• [INFORMATION SUPPLIED]:
----
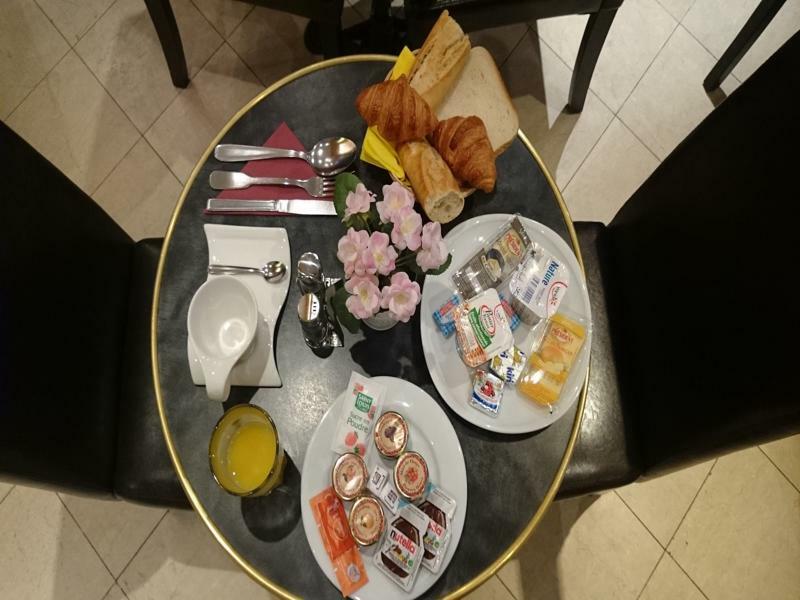 Hotel Korner Montmartre Parigi Esterno foto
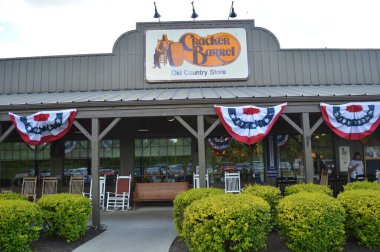 Columbus, OH / USA - 24 Temmuz 2017: Cracker Barrel restoran tabelası ve logosu. Cracker Barrel Old Country Store, Amerika Birleşik Devletleri 'nde bir restoran ve hediyelik eşya mağaza zinciri..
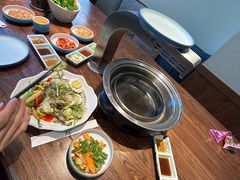 -明洞阿姨·韩式酱蟹烤肉·创意料理(三元桥店)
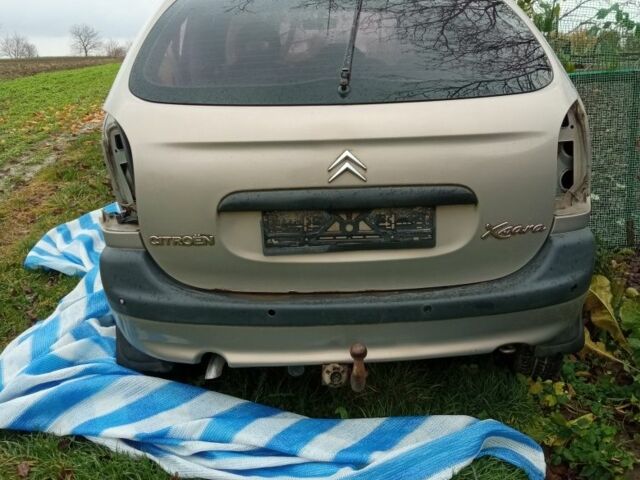 Сірий Сітроен Ксара Пікассо, об'ємом двигуна 1.7 л та пробігом 350 тис. км за 1071 $, фото 1 на Automoto.ua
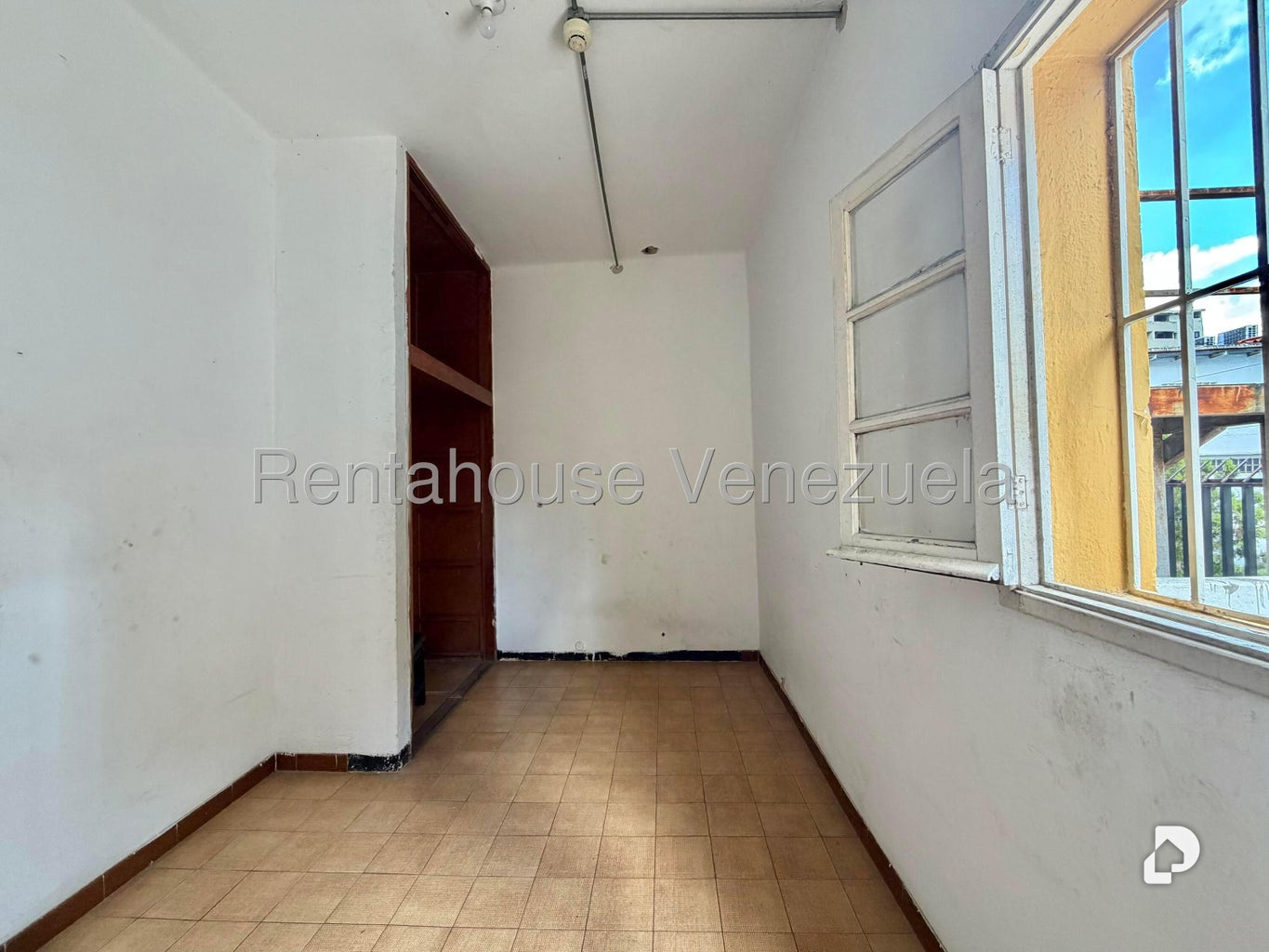 Casa en Bello Monte, Caracas – 16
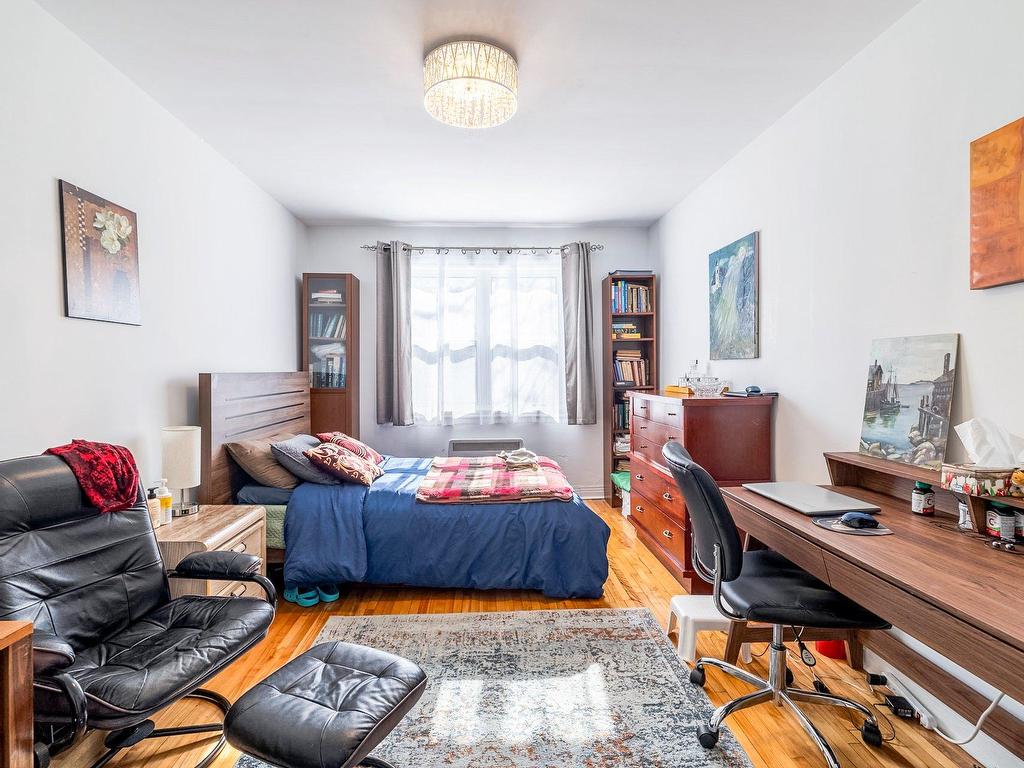 









5290

 - 5294


Av. MacMahon

,
Montréal (Côte-des-Neiges/Notre-Dame-de-Grâce),




QC
H4V2B7


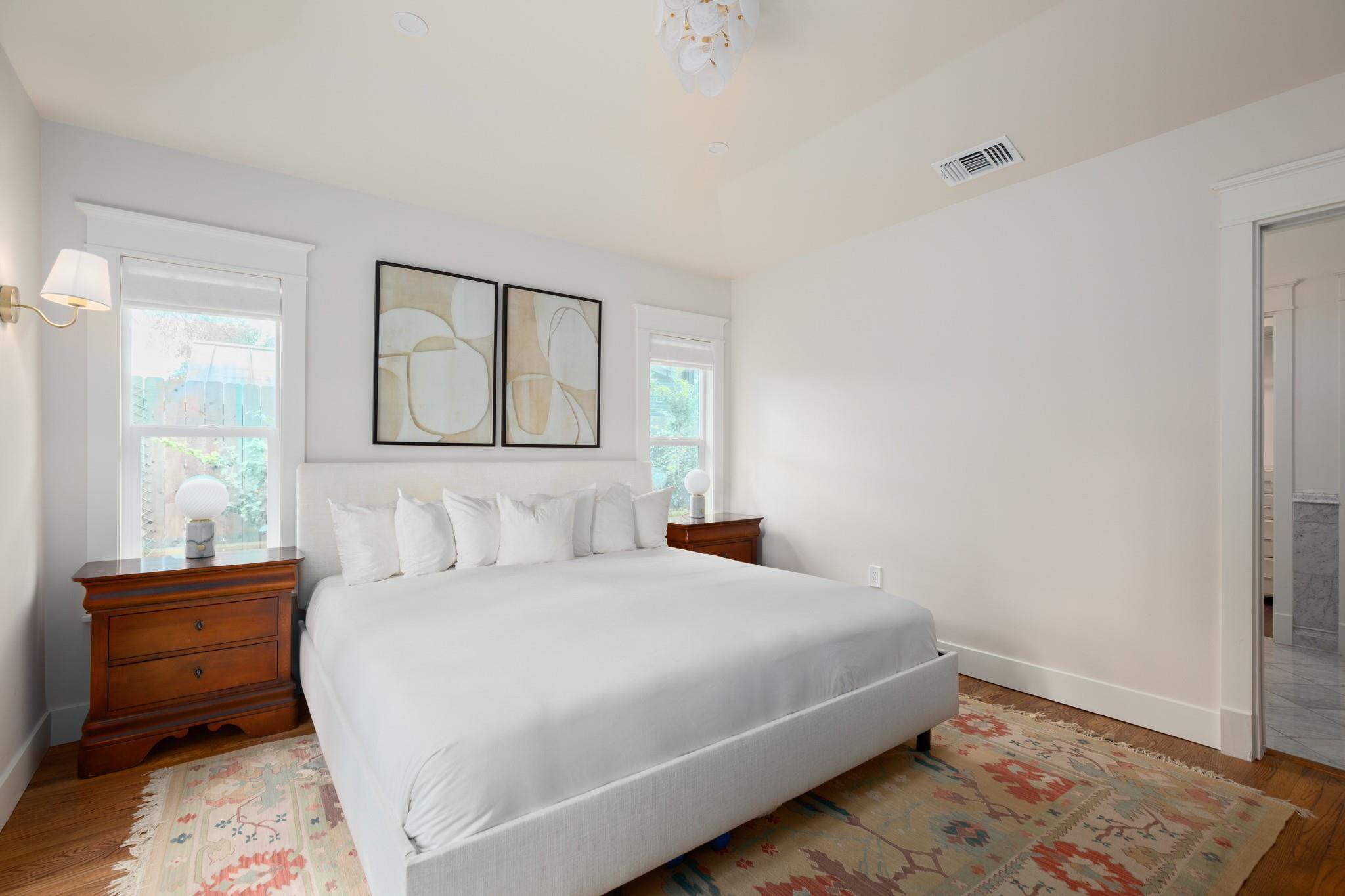 2109 Travis Heights Blvd, Austin, TX 78704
----
• [TASK TO COMPLETE]:
Copy out all of the entries exactly as they stand, with no pictures in your copy.

• [TASK ANSWER]:
 Hotel Korner Montmartre Parigi Esterno foto
 Columbus, OH / USA - 24 Temmuz 2017: Cracker Barrel restoran tabelası ve logosu. Cracker Barrel Old Country Store, Amerika Birleşik Devletleri 'nde bir restoran ve hediyelik eşya mağaza zinciri..
 -明洞阿姨·韩式酱蟹烤肉·创意料理(三元桥店)
 Сірий Сітроен Ксара Пікассо, об'ємом двигуна 1.7 л та пробігом 350 тис. км за 1071 $, фото 1 на Automoto.ua
 Casa en Bello Monte, Caracas – 16









5290

 - 5294


Av. MacMahon

,
Montréal (Côte-des-Neiges/Notre-Dame-de-Grâce),




QC
H4V2B7


 2109 Travis Heights Blvd, Austin, TX 78704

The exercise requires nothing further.